** The task **
Copy nothing but the lines below, from the one with "Female actor and haldi" through the one with "Agosto regista 173 fogos por dia", exactly as written; no pictures should appear.

** Data for this task **
★ ★ ★ ★

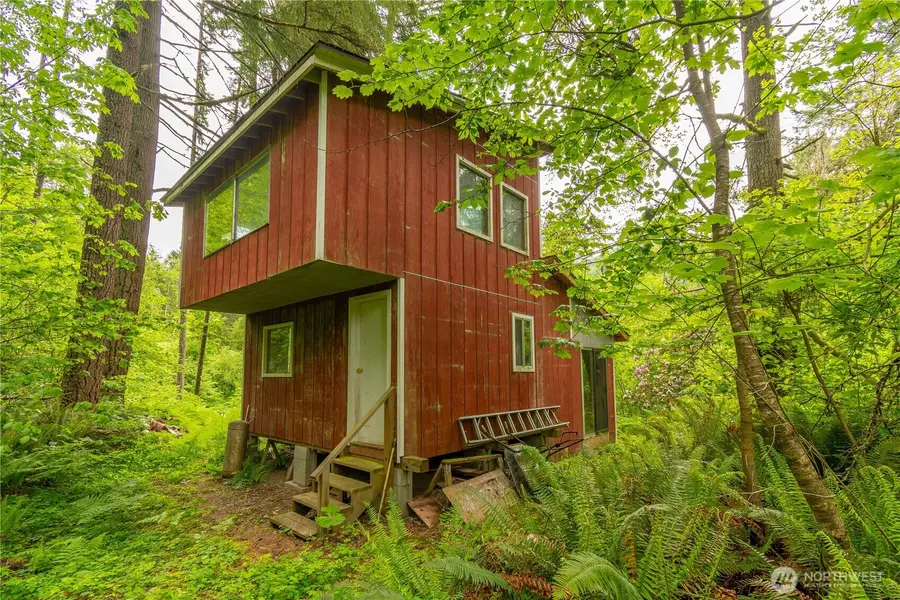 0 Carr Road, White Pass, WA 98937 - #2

★ ★ ★ ★

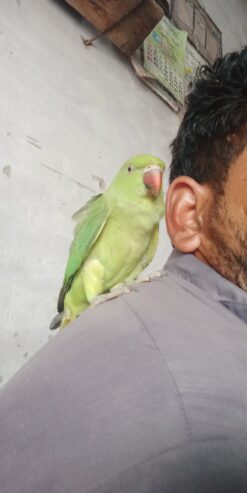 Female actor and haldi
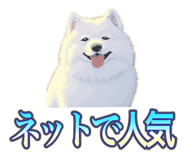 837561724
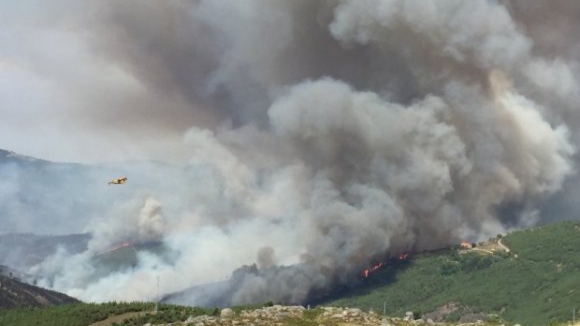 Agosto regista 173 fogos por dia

★ ★ ★ ★

** Written answer **
 Female actor and haldi
 837561724
 Agosto regista 173 fogos por dia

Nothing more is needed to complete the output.